▸ **Collected data entries**
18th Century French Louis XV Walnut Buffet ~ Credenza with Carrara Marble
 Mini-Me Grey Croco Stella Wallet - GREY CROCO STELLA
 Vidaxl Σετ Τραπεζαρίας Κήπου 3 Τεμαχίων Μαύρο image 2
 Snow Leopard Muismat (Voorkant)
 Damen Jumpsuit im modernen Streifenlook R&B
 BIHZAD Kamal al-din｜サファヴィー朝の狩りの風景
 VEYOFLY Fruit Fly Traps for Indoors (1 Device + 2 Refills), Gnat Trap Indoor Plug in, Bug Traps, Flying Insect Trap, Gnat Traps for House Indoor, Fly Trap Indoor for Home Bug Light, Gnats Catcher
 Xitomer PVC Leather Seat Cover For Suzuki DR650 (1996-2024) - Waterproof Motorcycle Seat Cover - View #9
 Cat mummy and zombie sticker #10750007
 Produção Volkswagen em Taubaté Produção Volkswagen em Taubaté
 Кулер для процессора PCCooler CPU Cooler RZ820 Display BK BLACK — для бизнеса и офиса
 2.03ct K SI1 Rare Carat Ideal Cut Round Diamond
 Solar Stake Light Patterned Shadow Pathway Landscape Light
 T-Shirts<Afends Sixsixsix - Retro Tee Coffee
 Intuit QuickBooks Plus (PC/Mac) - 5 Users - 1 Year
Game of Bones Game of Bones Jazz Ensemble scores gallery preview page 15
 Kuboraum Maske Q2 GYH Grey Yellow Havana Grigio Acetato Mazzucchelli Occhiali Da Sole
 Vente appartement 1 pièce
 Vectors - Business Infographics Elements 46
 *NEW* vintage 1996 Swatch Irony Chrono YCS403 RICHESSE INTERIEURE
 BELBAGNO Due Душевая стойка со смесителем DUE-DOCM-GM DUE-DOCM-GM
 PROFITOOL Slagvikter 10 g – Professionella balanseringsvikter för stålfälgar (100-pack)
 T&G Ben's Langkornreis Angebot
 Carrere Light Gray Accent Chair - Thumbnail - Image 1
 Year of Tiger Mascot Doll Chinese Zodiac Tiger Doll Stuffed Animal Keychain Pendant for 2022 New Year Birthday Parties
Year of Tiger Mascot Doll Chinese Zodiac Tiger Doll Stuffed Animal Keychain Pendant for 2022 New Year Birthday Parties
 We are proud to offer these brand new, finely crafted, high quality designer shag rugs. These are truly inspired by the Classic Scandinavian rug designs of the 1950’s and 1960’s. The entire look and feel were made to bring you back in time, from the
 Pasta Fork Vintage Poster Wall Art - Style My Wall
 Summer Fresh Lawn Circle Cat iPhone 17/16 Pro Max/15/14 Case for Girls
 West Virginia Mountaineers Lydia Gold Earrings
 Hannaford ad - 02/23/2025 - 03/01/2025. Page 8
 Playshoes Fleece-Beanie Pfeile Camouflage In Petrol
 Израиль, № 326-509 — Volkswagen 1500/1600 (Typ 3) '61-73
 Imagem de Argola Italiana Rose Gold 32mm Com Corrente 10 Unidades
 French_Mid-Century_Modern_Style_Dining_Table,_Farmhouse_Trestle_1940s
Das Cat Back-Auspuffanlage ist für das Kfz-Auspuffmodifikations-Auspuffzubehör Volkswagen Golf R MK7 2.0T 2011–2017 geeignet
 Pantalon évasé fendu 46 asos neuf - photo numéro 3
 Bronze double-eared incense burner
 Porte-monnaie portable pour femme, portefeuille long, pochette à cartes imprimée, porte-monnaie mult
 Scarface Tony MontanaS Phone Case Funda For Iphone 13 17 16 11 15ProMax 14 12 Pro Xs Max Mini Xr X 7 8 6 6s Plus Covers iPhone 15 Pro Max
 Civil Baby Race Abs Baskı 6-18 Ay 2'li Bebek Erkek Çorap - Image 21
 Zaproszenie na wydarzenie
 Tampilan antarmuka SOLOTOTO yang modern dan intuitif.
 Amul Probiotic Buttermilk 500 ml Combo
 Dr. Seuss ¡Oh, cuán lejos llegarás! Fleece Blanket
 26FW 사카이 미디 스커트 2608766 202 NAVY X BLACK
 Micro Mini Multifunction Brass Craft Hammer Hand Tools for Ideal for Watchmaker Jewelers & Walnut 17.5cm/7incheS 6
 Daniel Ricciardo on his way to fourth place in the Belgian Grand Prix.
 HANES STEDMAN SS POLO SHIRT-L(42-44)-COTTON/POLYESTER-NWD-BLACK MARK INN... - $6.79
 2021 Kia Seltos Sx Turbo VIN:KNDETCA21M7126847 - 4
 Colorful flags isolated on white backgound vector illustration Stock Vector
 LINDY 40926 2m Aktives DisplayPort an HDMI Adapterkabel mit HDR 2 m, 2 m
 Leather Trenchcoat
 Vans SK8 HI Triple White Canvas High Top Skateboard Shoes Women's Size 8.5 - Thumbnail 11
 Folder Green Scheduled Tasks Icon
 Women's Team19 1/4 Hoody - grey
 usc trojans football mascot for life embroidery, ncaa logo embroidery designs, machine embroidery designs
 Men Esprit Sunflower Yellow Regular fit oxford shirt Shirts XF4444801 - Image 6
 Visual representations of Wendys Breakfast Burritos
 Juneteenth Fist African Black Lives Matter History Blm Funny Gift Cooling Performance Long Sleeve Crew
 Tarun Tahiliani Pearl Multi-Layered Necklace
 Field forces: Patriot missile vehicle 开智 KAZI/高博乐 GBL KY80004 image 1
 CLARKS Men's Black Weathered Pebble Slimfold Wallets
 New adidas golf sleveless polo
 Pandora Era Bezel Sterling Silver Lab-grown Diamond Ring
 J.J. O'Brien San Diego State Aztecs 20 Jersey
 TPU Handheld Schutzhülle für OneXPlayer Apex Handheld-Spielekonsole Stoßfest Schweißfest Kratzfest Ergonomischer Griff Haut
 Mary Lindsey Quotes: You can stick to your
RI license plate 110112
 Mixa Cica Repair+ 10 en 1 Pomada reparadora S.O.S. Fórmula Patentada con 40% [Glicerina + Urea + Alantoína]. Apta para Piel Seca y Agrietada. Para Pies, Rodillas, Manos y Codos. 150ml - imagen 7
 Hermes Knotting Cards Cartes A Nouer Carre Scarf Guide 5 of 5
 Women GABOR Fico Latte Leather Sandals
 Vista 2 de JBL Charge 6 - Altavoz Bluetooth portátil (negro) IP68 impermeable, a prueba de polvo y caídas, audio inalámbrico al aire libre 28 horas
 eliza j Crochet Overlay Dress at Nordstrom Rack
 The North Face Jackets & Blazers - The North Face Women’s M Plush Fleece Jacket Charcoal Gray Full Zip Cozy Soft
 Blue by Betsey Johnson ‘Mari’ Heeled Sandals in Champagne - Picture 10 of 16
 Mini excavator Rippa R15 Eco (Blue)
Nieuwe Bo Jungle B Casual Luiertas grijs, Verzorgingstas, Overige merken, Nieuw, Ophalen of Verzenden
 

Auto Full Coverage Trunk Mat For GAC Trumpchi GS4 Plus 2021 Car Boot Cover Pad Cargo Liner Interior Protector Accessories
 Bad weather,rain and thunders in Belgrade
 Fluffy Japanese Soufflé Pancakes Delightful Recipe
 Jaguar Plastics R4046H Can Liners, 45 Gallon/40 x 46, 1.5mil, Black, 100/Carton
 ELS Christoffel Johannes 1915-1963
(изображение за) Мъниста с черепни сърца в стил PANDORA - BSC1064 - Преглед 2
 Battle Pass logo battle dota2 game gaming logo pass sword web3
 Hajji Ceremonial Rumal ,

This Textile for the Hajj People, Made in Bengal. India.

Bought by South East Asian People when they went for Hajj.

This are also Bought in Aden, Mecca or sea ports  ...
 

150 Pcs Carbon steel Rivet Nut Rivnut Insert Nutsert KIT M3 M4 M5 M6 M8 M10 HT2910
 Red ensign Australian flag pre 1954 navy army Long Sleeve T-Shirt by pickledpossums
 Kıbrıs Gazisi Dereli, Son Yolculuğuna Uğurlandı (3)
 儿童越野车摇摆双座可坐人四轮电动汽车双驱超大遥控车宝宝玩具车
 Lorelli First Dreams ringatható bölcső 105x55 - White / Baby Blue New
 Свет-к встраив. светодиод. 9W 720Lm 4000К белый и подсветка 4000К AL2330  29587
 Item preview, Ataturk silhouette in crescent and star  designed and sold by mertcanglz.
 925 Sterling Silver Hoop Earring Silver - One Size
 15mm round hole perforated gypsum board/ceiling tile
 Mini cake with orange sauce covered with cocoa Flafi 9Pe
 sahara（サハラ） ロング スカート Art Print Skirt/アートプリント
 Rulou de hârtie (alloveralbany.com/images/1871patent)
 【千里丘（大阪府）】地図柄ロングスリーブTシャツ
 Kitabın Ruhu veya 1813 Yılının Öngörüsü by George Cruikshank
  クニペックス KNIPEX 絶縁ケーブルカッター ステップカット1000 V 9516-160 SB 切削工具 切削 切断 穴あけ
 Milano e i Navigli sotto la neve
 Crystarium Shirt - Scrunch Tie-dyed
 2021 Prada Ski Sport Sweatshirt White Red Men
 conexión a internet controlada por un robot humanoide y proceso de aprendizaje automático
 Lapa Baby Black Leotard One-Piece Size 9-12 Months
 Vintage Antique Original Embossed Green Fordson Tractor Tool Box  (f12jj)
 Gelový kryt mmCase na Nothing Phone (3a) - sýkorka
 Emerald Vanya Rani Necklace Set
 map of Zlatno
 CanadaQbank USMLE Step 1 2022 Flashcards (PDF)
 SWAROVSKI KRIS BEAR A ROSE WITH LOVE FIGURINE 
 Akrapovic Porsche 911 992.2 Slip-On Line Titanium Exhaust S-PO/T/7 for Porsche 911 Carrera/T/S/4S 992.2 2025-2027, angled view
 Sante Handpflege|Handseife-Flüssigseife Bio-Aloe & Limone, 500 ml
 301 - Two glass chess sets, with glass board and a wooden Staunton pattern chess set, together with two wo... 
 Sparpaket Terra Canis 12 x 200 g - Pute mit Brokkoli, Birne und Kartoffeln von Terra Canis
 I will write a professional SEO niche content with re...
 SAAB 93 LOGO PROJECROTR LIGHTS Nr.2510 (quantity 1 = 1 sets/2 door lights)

▸ **TASK OBJECTIVE**
Of the entries above, repeat exactly the lines between the line with "Hannaford ad - 02/23/2025" and the line with "Imagem de Argola", inclusive, and no others.

▸ **TASK OUTPUT**
 Hannaford ad - 02/23/2025 - 03/01/2025. Page 8
 Playshoes Fleece-Beanie Pfeile Camouflage In Petrol
 Израиль, № 326-509 — Volkswagen 1500/1600 (Typ 3) '61-73
 Imagem de Argola Italiana Rose Gold 32mm Com Corrente 10 Unidades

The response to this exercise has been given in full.